For the time being, finding the right feature space does not have a one-size-fits-all solution, nor is it automated by an advanced artificial intelligence. What it takes is a good data scientist who understands the principles of existing models as well as the fundamentals of the specific security domain from a data modeling perspective. Because we have seen far too much work based on faulty assumptions and feature spaces, it is recommended that data scientists keep this issue in mind and remind themselves of it on a regular basis while problem solving:

“Can this feature space describe the essence of the problem?”

Summary

Algorithms and modeling in cybersecurity do not have intuitive definitions of examples, unlike computer vision. It is more similar to speech recognition and spatial control problems in that data scientists must have a deeper understanding of domain knowledge, explore the feature space that can characterize the essential causes of the problem, and intelligently map the problem from its original shape to the problem solving feature space.

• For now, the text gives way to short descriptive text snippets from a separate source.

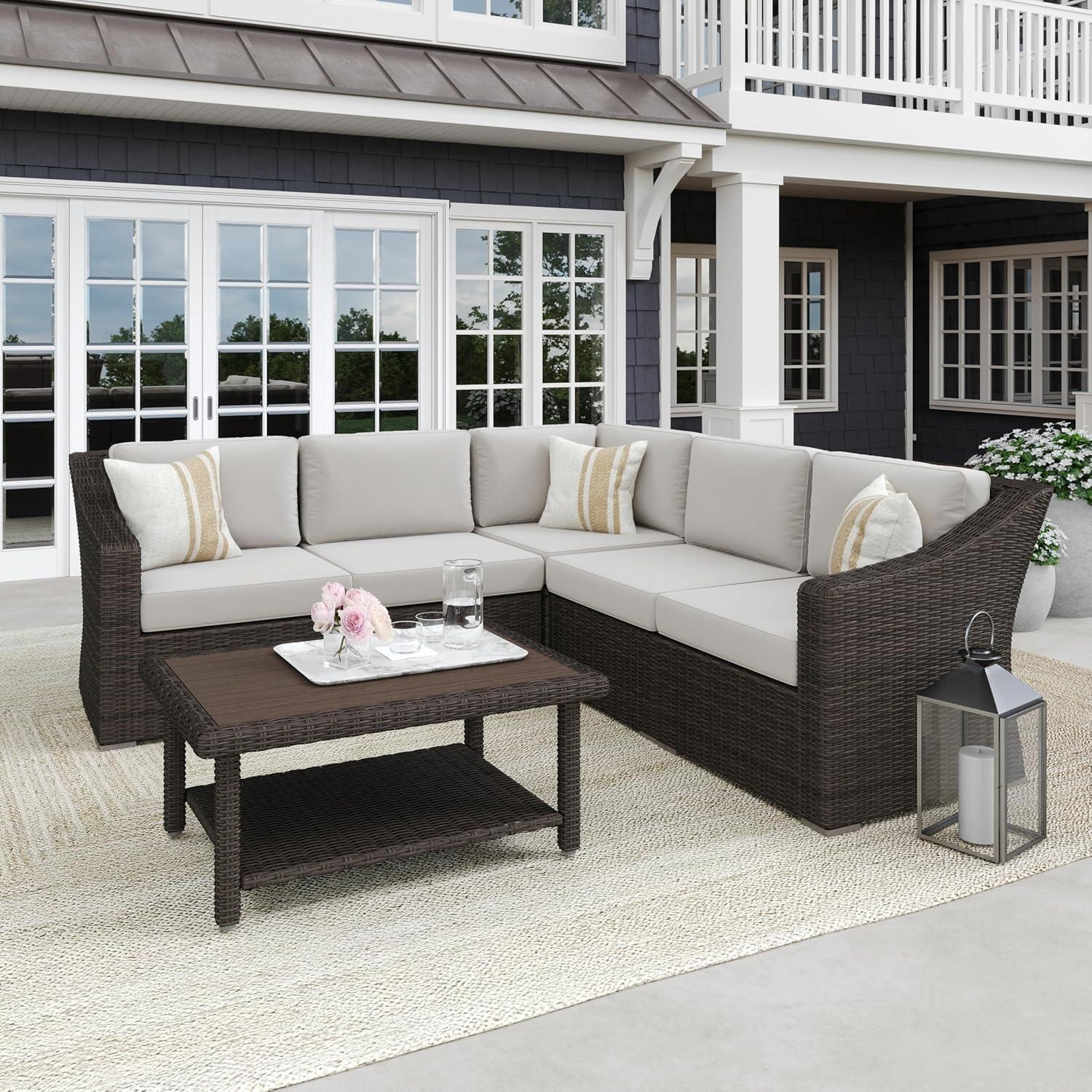 image:imageMartha Stewart Bedford IndoorOutdoor Modular Patio Sectional Sofa for 5 with Rattan Wicker Finish in Brown with Tan AllWeather CushionsTan CushionsBrown Frame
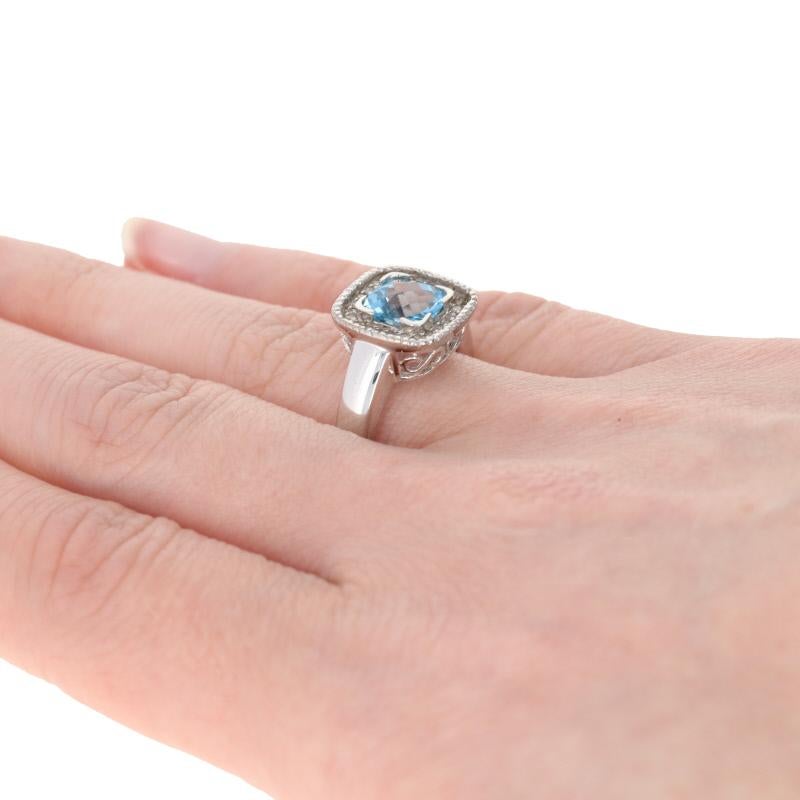 Mixed Cut New 1.62ctw Blue Topaz & Diamond Ring, 14k White Gold Halo For Sale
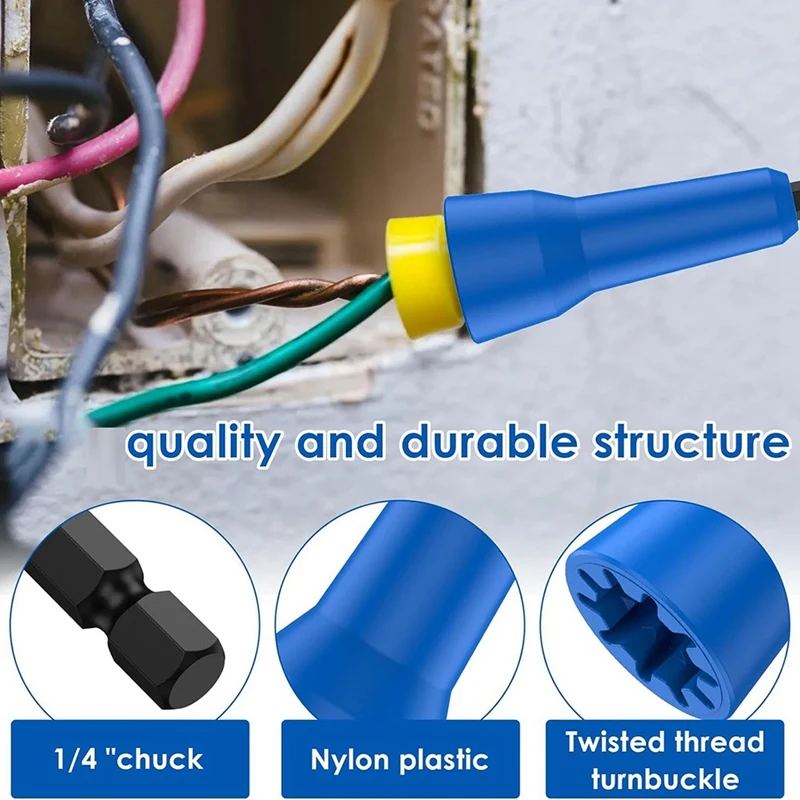 Wire Twisting Tool Wire Nut Twister Spin Twist Wire Connector Socket For Power Drill 1Set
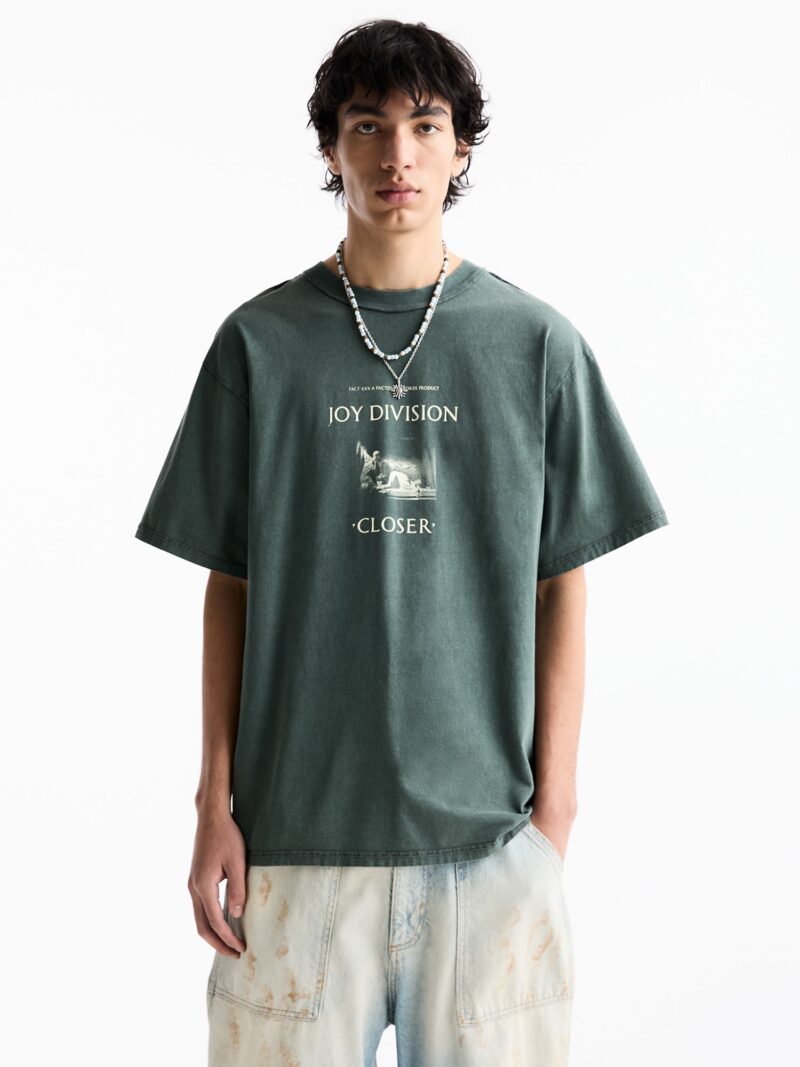 Pull&Bear Tricou  bej deschis / verde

Rather than praying for deep learning to bring the power from nowhere, we can find a more appropriate way to solve the problem by adding an appropriate sample labeling method to describe the distribution of these features.

This post examines the primary reasons why machine learning models fail to solve cybersecurity issues. Other topics, such as understanding and dealing with model fragility in a system-wide context, will be covered in future posts. Not only in cybersecurity, but also in many other fields, researchers and engineers place too much emphasis on model work*, ignoring the fact that algorithm and modeling are system engineering problems, and that finding more and better samples, more descriptive features, and dealing with prediction errors are all important steps in the system. We hope that by focusing on systems and engineering, machine learning and other artificial intelligence algorithms will be able to play a meaningful role in the field of cybersecurity.